Chinese stocks in Hong Kong face challenges as AI investments surge
Billions in capital are flowing out of Hong Kong equities as investors chase mainland China's AI hardware and semiconductor plays instead
Hong Kong’s stock market is watching investors head for the exits. In the week ending June 3, 2026, mainland-listed ETFs tracking Hong Kong equities saw record outflows of 25 billion yuan, roughly $3.7 billion, as capital rotated into China’s onshore AI supply chain and semiconductor companies.
The numbers tell the story
In May 2026, onshore investors sold a cumulative HK$3.6 billion (about $459 million) of Hong Kong stocks through Stock Connect. That marked the first monthly outflow through the cross-border trading link in three years.
Goldman Sachs has taken notice. Around June 3, the bank downgraded H-shares, the designation for mainland Chinese companies listed in Hong Kong, and pivoted its recommendation toward onshore AI hardware investment opportunities.
The Hang Seng Tech Index, which had posted strong performance earlier in 2026, has been caught in the downdraft. Major names like Tencent and Alibaba have faced considerable selling pressure as capital flows favor mainland-listed counterparts or pure-play AI infrastructure companies trading on Shanghai and Shenzhen exchanges.
Why mainland AI is winning the capital war
Over 85% of Chinese AI company IPOs this year occurred in Hong Kong during the first stretch of 2026. But there’s a growing disconnect between where AI companies list and where investors actually want to put their money.

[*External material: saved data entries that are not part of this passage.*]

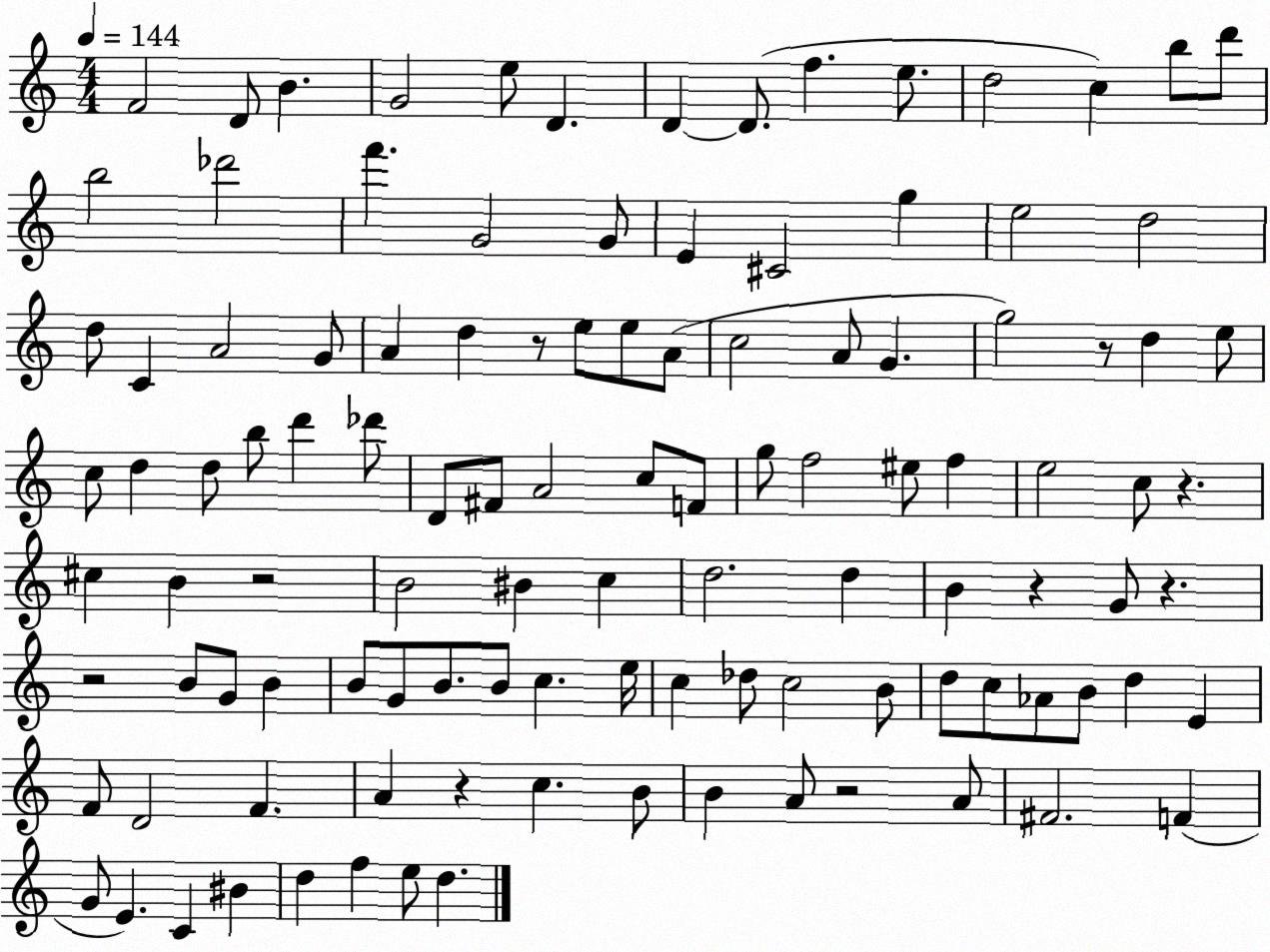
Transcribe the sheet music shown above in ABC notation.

X:1
T:Untitled
M:4/4
L:1/4
K:C
F2 D/2 B G2 e/2 D D D/2 f e/2 d2 c b/2 d'/2 b2 _d'2 f' G2 G/2 E ^C2 g e2 d2 d/2 C A2 G/2 A d z/2 e/2 e/2 A/2 c2 A/2 G g2 z/2 d e/2 c/2 d d/2 b/2 d' _d'/2 D/2 ^F/2 A2 c/2 F/2 g/2 f2 ^e/2 f e2 c/2 z ^c B z2 B2 ^B c d2 d B z G/2 z z2 B/2 G/2 B B/2 G/2 B/2 B/2 c e/4 c _d/2 c2 B/2 d/2 c/2 _A/2 B/2 d E F/2 D2 F A z c B/2 B A/2 z2 A/2 ^F2 F G/2 E C ^B d f e/2 d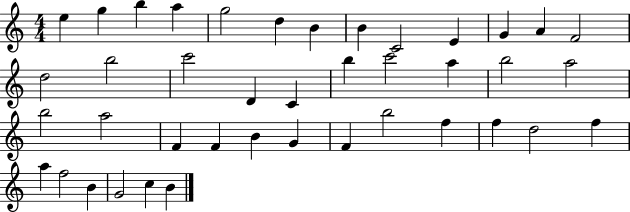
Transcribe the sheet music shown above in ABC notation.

X:1
T:Untitled
M:4/4
L:1/4
K:C
e g b a g2 d B B C2 E G A F2 d2 b2 c'2 D C b c'2 a b2 a2 b2 a2 F F B G F b2 f f d2 f a f2 B G2 c B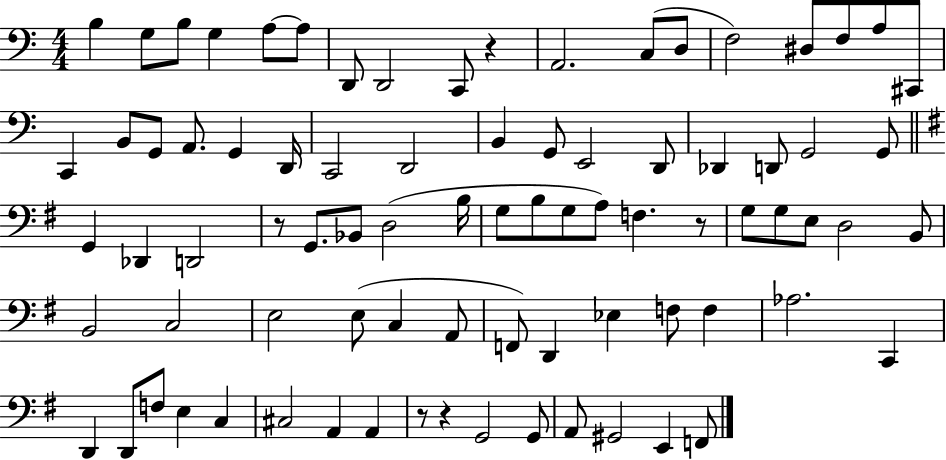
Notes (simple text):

Mainland AI hardware and semiconductor firms sit closer to the physical supply chain that powers China’s AI ambitions, including chip fabrication equipment, server components, cooling systems for data centers, and the infrastructure stack that makes large language models run. These companies are viewed as more direct beneficiaries of Beijing’s aggressive AI expansion policies, which include substantial government subsidies and procurement preferences for domestic suppliers.
The Hong Kong IPO pipeline problem
Goldman Sachs’ downgrade adds institutional weight to what was already a visible trend. Portfolio managers benchmarked against the bank’s recommendations now have cover to reduce Hong Kong exposure and increase mainland AI allocations.